Lena- The biennial shows the expanding possibilities of the image on film and the impact of our new technologies. But what do you see as the future of classical photography, of the object on the wall?
Joan- In your question you mention art with technologies and this is something I would like to avoid. The problem I propose is not about technology at all. It is about changes in our culture, in our technologies, in our economics and so on, which require those technologies. For me technologies are not endings of a new way of thinking but the effect of the requirements that now, in the 21rst century, we have. Two years ago Mois de la photo presented “Drone: the automated image” which was about a kind of automatic vision, about how our visual experience was implemented by different devices allowing us new kinds of perceptions. We can see images from very far distances; we can penetrate our bodies, this kind of thing. My approach strayed from this concern. Certainly some of the artists in the last biennials program could have fit perfectly within my program. But we don’t see the other’s perspective in the automated image which is the perspective here. I am interested in the way, in the current situation, images speak to us differently from how they did in the past. Why do we take photographs? What do photographs mean to us? How do they communicate with others? How their historical values have changed. For instance, in the former century, photographs were linked to memory and truth, now not necessarily. My parents have family albums where they collected pictures from their grandfathers, from their ancestors. The album was a kind of totem. Photographs were tissues, materials, objects unto which we projected an idea of the past an idea of the memory of how the family was united and it was a symbol of that unity.
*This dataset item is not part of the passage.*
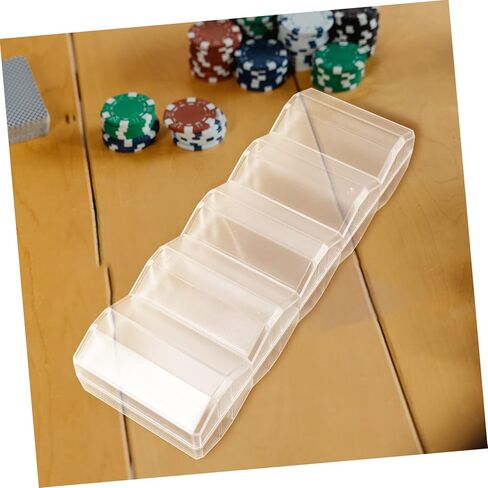 صندوق حمل شرائح البوكر الشفاف Kisangel بسعة كبيرة لتخزين الرقائق لبطاقات البوكر وحامل الألعاب المحمول بتصميم أنيق in Kuwait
Now all this has changed. We take pictures. We send them. They reach our target and they are deleted. So photographs become conversational. They are not intended to last. They are not intended to rest in an album, or in an archive, or in a cage, or even in a museum. Their circulation is their basic nature. Because of that last example I feel that many things have changed. Images relate to another kind of thinking and to another kind of geistig as a state of the time. And that is the reason I feel the work of Paul Wong presented here is quietly illustrating some of these ideas. The installations presented here fit perfectly with that concept of an accumulation of images. There are so many pictures the works becomes a kind of panoscopic projection. This brings up the following issues: when we have such an incredible amount of images available, do all the pictures have the same importance? And secondly, when we have all those possibilities, are there still missing pictures? How do you recognize that the picture is missing? This could be a question I will address in the future.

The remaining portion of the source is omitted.